Zinc-induced changes in ionic currents of clonal rat pancreatic β-cells:: activation of ATP-sensitive K+ channels

1.The effects of zinc (Zn2+) on excitability and ionic conductances were analysed on RINm5F insulinoma cells under whole-cell and outside-out patch-clamp recording conditions. 2.We found that extracellular application of 10-20 muM Zn2+ induced a reversible abolition of Ca2+ action potential firing, which was accompanied by an hyperpolarisation of the resting membrane potential. 3. Higher concentrations of Zn2+, in the tens to hundreds micromolar range, induced a reversible reduction of voltage-gated Ca2+ and, to a lesser extent, K+ currents. Low-voltage-activated,ed Ca2+ currents were more sensitive to Zn2+ block than high voltage-activated Ca2+ currents. 4. The Zn2+-induced hyperpolarisation arose from a dose-dependent increase in a voltage-independent K+ conductance that was pharmacologically identified as an ATP-sensitive K+ (K-ATP) conductance.
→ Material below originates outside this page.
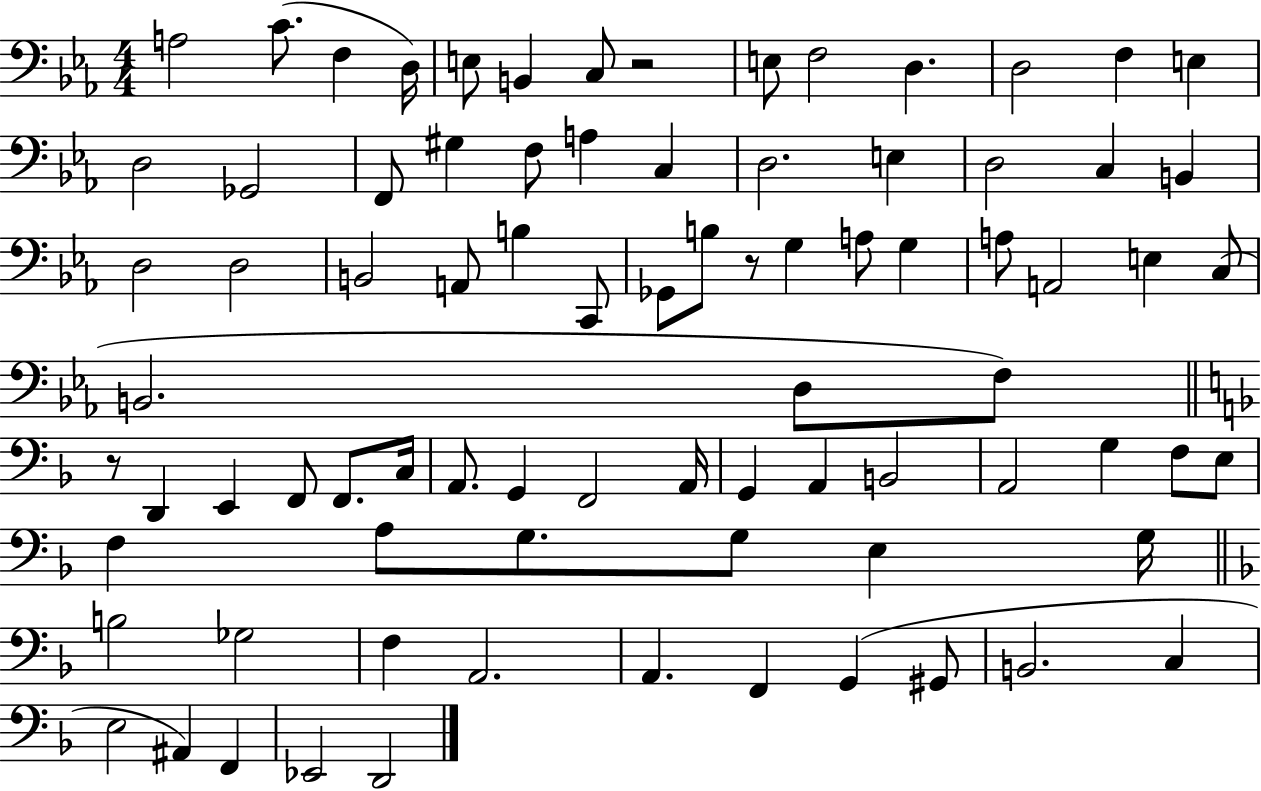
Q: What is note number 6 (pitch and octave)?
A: B2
The effect was rapid in onset, readily reversible, voltage independent, and related to intracellular ATP concentration. In the presence of 1 mM intracellular ATP, half-maximal activation of K-ATP channels was obtained with extracellular application of 1.7 muM Zn2+ 5. Single channel analysis revealed that extracellular Zn2+ increased the K-ATP channel open state probability with no change in the single channel conductance. 6. Our data support the hypothesis that Zn2+ binding to K-ATP protein subunits results in an activation of the channels, therefore regulating the resting membrane potential and decreasing the excitability of RINm5F cells. Taken together, our results suggest that Zn2+ can influence insulin secretion in pancreatic beta -cells through a negative feedback loop, involving both K-ATP and voltage-gated conductances.